Family planning programs of both the privately organized Salvadoran Demographic Association, which was founded in 1962 and began operations in 1967, and (after 1971) government agencies under the Ministry of Public Health and Social Services probably contributed to this decline in fertility rates. The groups lobbied for family planning programs, provided family planning clinics, and dispensed birth control information and devices. Female sterilization was the most common birth control method because it is final and does not require frequent checkups or visits to clinics for additional supplies. The need for clinic visits has associated use of oral contraceptives in the popular mind with illness. In addition, there were fewer religious objections to sterilization.
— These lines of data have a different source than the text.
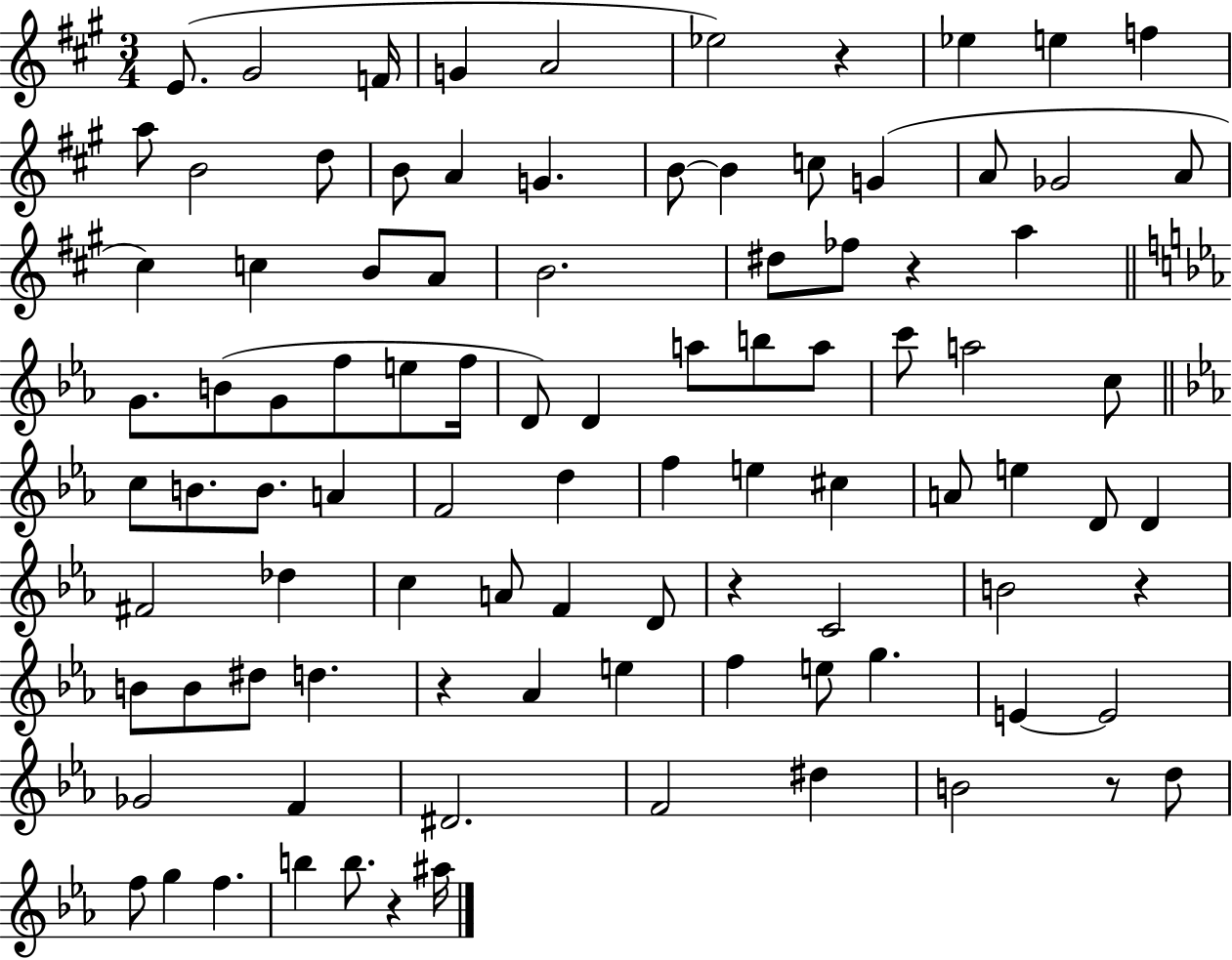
X:1
T:Untitled
M:3/4
L:1/4
K:A
E/2 ^G2 F/4 G A2 _e2 z _e e f a/2 B2 d/2 B/2 A G B/2 B c/2 G A/2 _G2 A/2 ^c c B/2 A/2 B2 ^d/2 _f/2 z a G/2 B/2 G/2 f/2 e/2 f/4 D/2 D a/2 b/2 a/2 c'/2 a2 c/2 c/2 B/2 B/2 A F2 d f e ^c A/2 e D/2 D ^F2 _d c A/2 F D/2 z C2 B2 z B/2 B/2 ^d/2 d z _A e f e/2 g E E2 _G2 F ^D2 F2 ^d B2 z/2 d/2 f/2 g f b b/2 z ^a/4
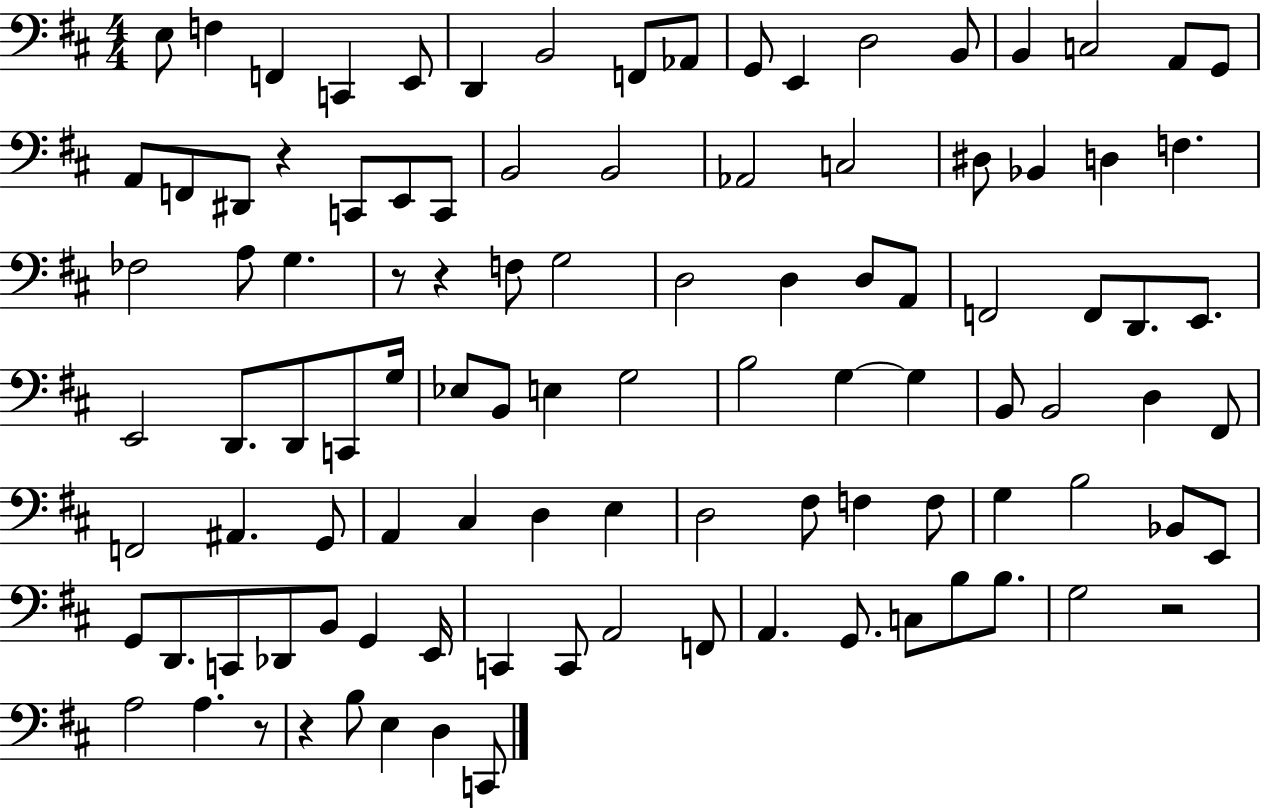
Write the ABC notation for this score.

X:1
T:Untitled
M:4/4
L:1/4
K:D
E,/2 F, F,, C,, E,,/2 D,, B,,2 F,,/2 _A,,/2 G,,/2 E,, D,2 B,,/2 B,, C,2 A,,/2 G,,/2 A,,/2 F,,/2 ^D,,/2 z C,,/2 E,,/2 C,,/2 B,,2 B,,2 _A,,2 C,2 ^D,/2 _B,, D, F, _F,2 A,/2 G, z/2 z F,/2 G,2 D,2 D, D,/2 A,,/2 F,,2 F,,/2 D,,/2 E,,/2 E,,2 D,,/2 D,,/2 C,,/2 G,/4 _E,/2 B,,/2 E, G,2 B,2 G, G, B,,/2 B,,2 D, ^F,,/2 F,,2 ^A,, G,,/2 A,, ^C, D, E, D,2 ^F,/2 F, F,/2 G, B,2 _B,,/2 E,,/2 G,,/2 D,,/2 C,,/2 _D,,/2 B,,/2 G,, E,,/4 C,, C,,/2 A,,2 F,,/2 A,, G,,/2 C,/2 B,/2 B,/2 G,2 z2 A,2 A, z/2 z B,/2 E, D, C,,/2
At the same time, abortions also were widely practiced. Abortion was illegal in El Salvador, and improperly performed abortions were common. They were the third leading cause of hospital admissions in 1975, constituting 24 of every 1,000 admissions, according to a sample survey.

Fertility rates showed significant contrasts between urban and rural settings. In 1975 the birth rate per 1,000 women in rural areas was estimated at 46 to 47, whereas in urban areas it stood at approximately 34 to 35 (31 to 33 for the San Salvador metropolitan area). On average, by age thirty-five, rural women had seven children while urban women had only five. By the end of their childbearing years, rural women, on average, had eight children, and urban women had six. Given the markedly inferior health conditions of the countryside, however, of the two additional children born to rural women, only one would survive. The number of children under age one per 1,000 women between ages fifteen and forty-four declined by 16.5 percent in urban areas from 1961 to 1971, while it remained essentially unchanged over that same time period in rural areas.

Disparate fertility rates underscored the point that El Salvador continued to be a rural country in the late 1980s, "rural" in this context including all population in towns of less than 20,000. In fact, El Salvador showed the highest rural population increase--82 percent from 1961 to 1980--in Latin America.